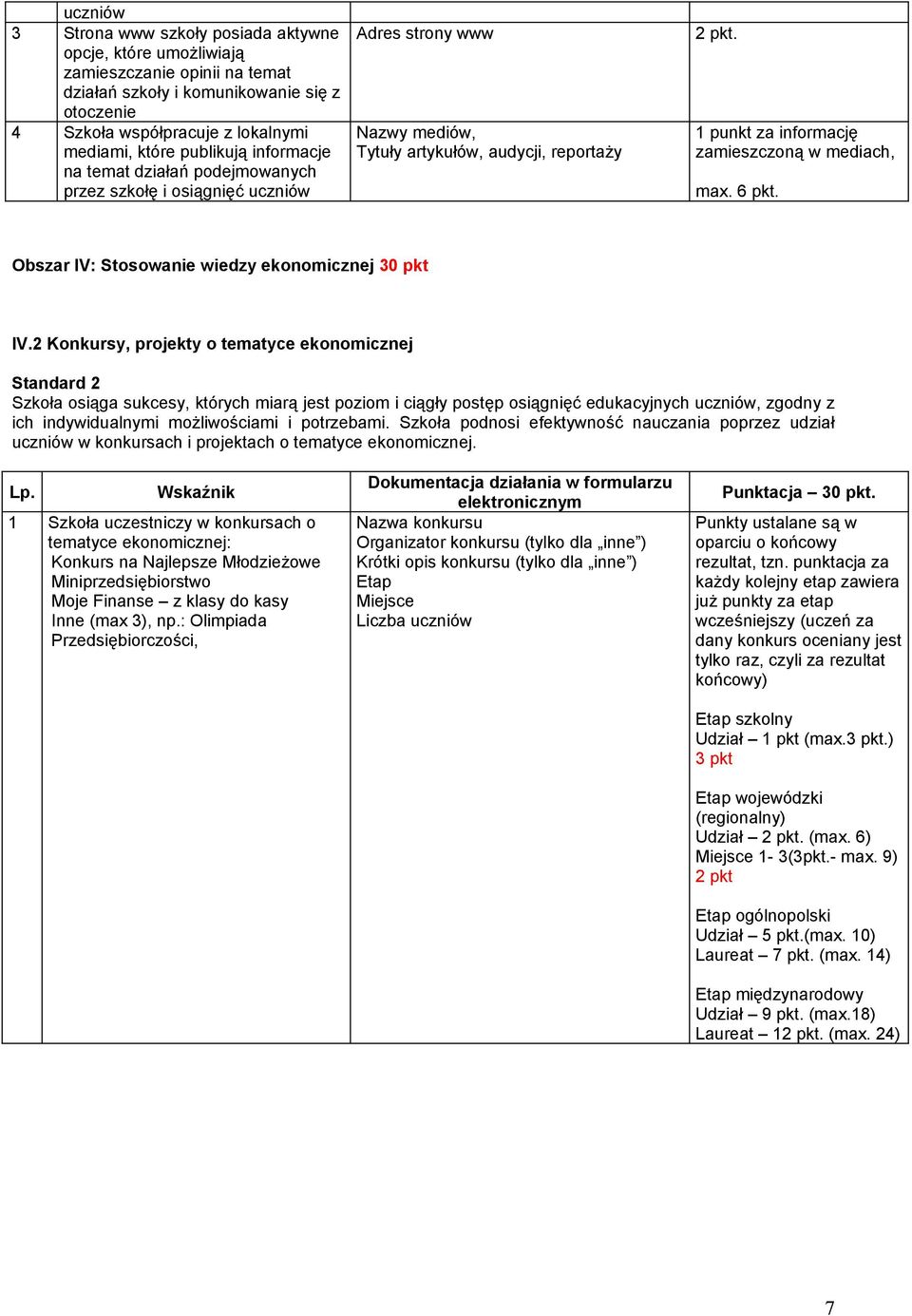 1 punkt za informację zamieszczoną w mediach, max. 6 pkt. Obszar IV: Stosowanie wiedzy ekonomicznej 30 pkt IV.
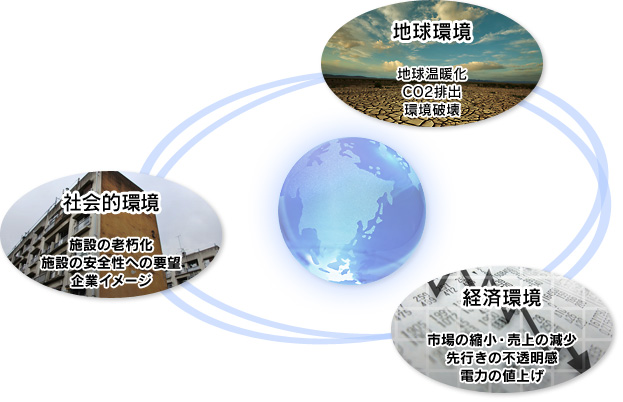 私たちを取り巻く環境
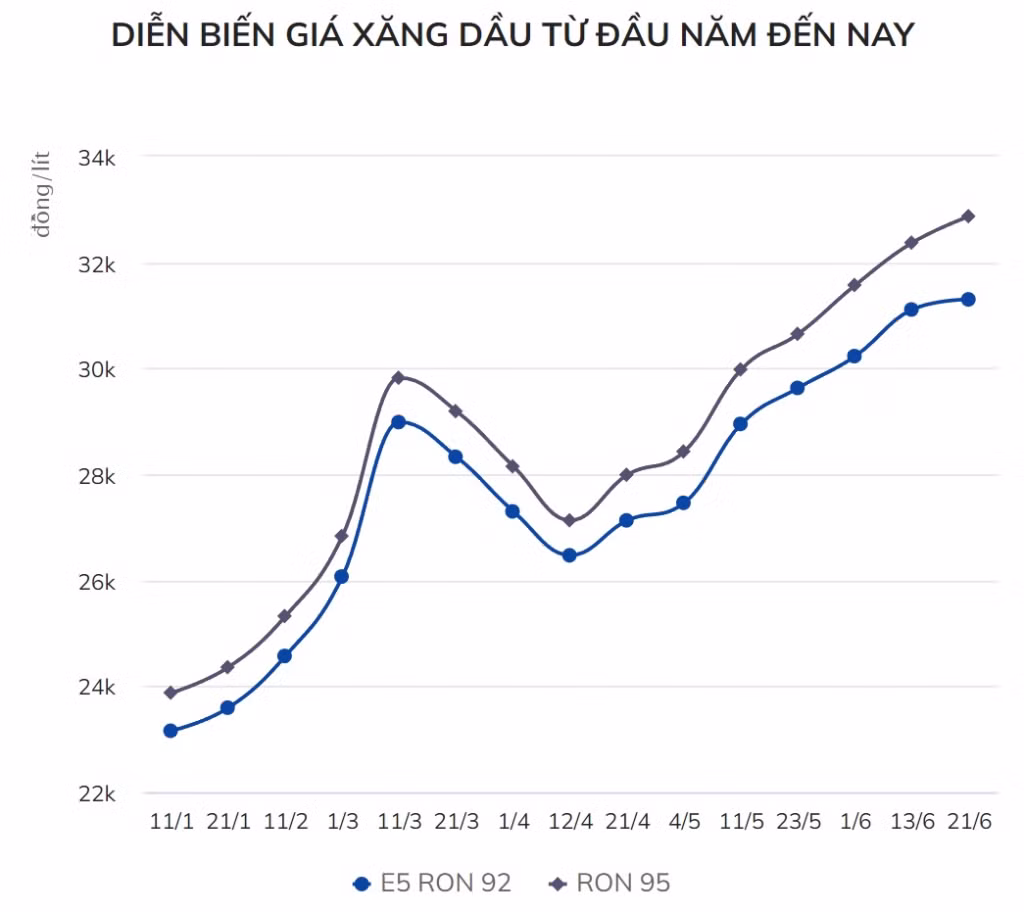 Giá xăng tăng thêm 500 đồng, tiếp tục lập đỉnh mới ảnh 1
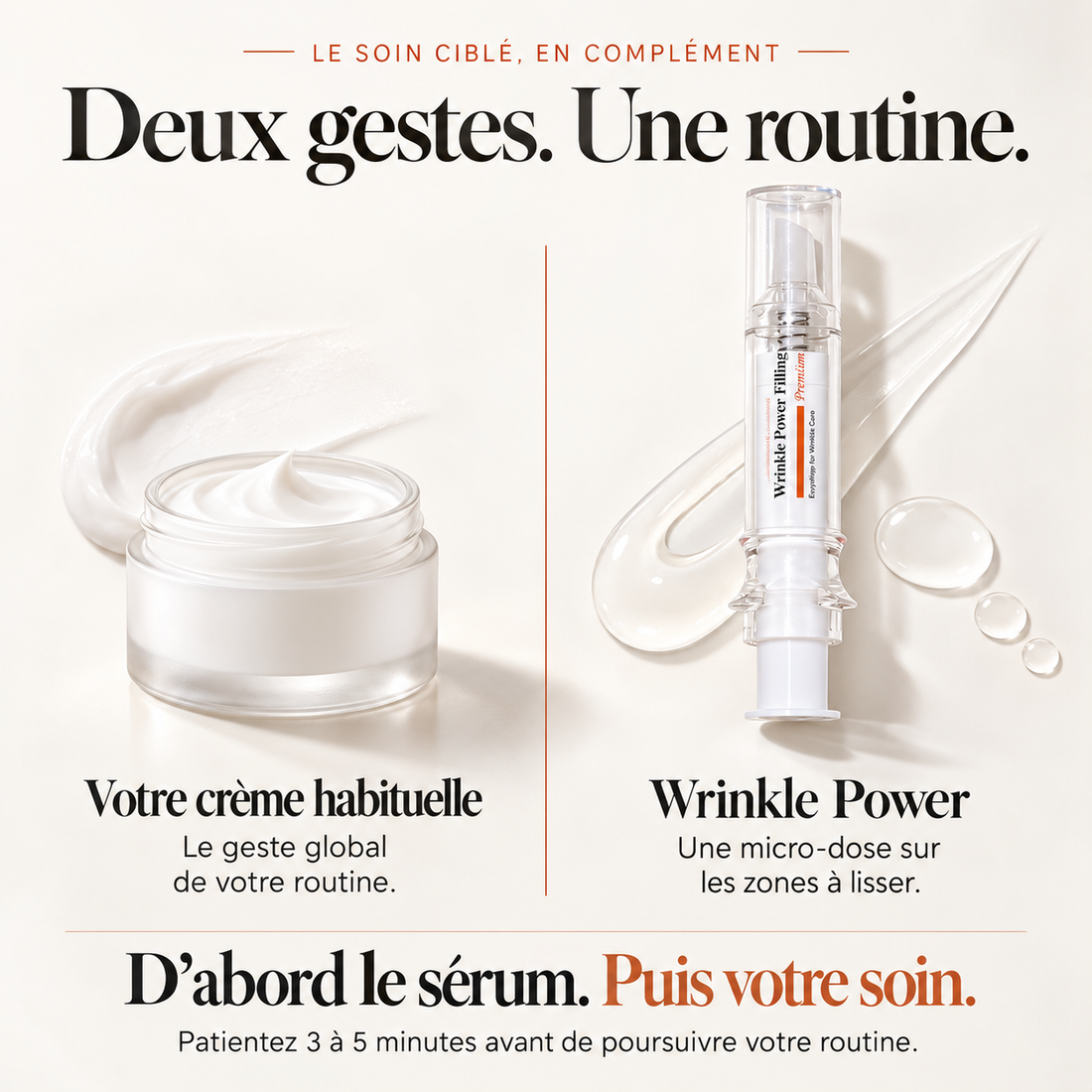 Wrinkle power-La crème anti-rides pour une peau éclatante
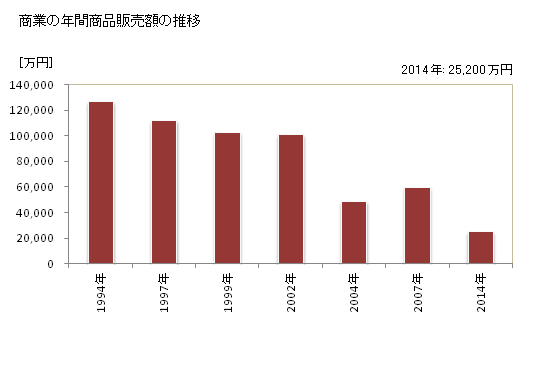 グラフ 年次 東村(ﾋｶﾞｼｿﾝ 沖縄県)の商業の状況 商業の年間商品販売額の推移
* * *
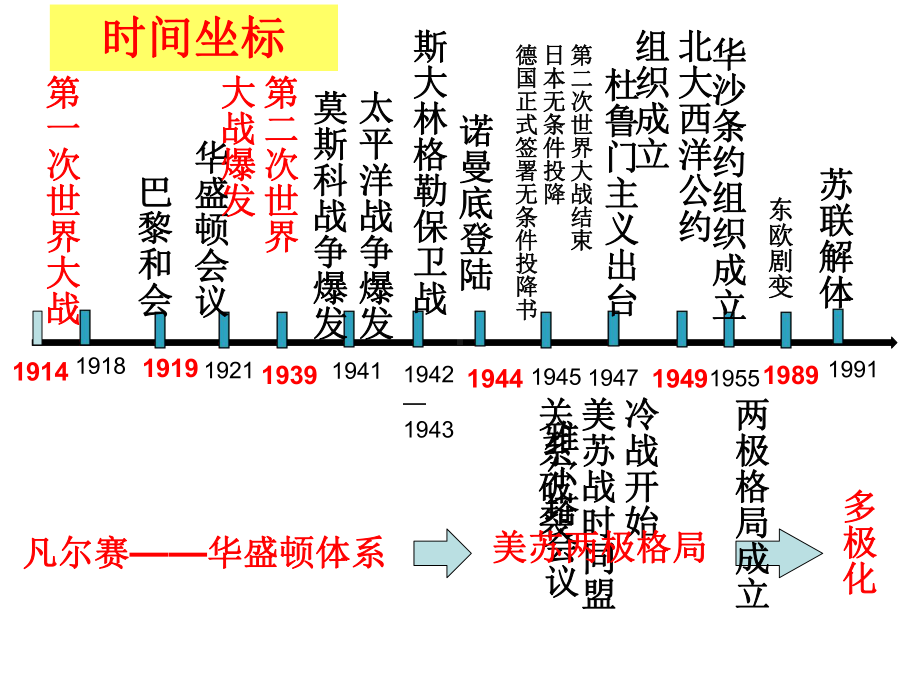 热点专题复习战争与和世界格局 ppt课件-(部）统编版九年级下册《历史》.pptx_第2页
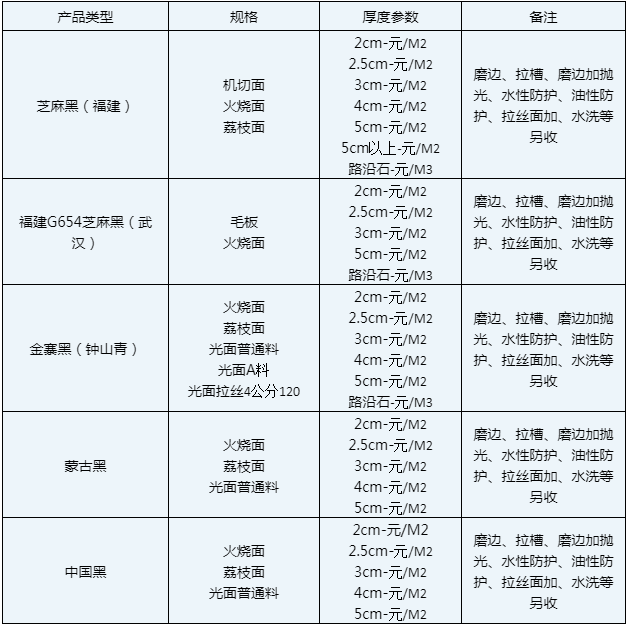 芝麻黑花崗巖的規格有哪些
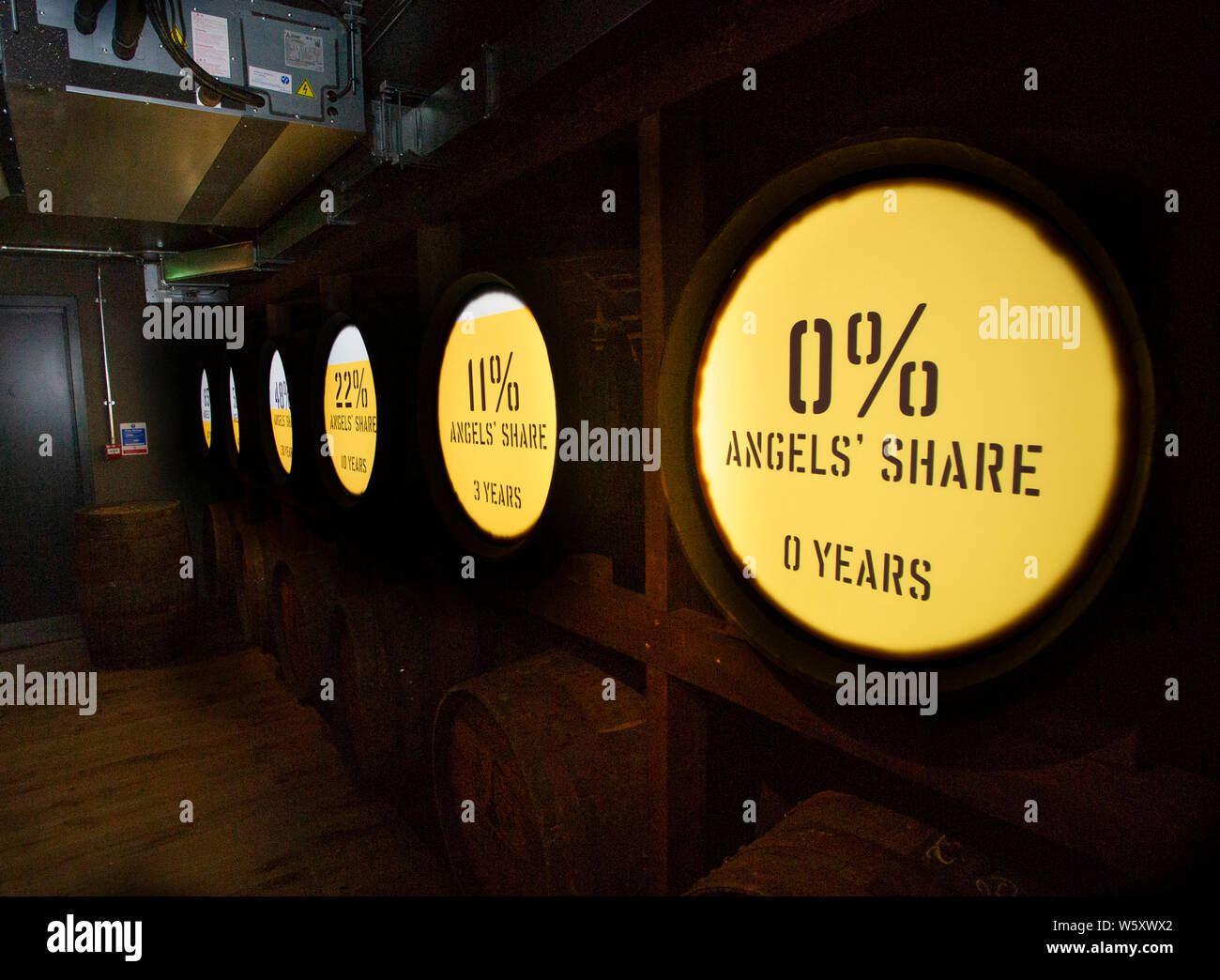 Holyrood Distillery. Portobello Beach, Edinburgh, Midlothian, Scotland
---
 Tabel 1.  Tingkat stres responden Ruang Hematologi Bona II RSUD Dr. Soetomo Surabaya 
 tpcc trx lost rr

WHAT TO PRODUCE: I would like the exact lines from the data above, starting with the one that holds "芝麻黑花崗巖的規格有哪些" and going on through the one that holds "Holyrood Distillery. Portobello", without the pictures.

SOLUTION TO THE EXERCISE:
 芝麻黑花崗巖的規格有哪些
 Holyrood Distillery. Portobello Beach, Edinburgh, Midlothian, Scotland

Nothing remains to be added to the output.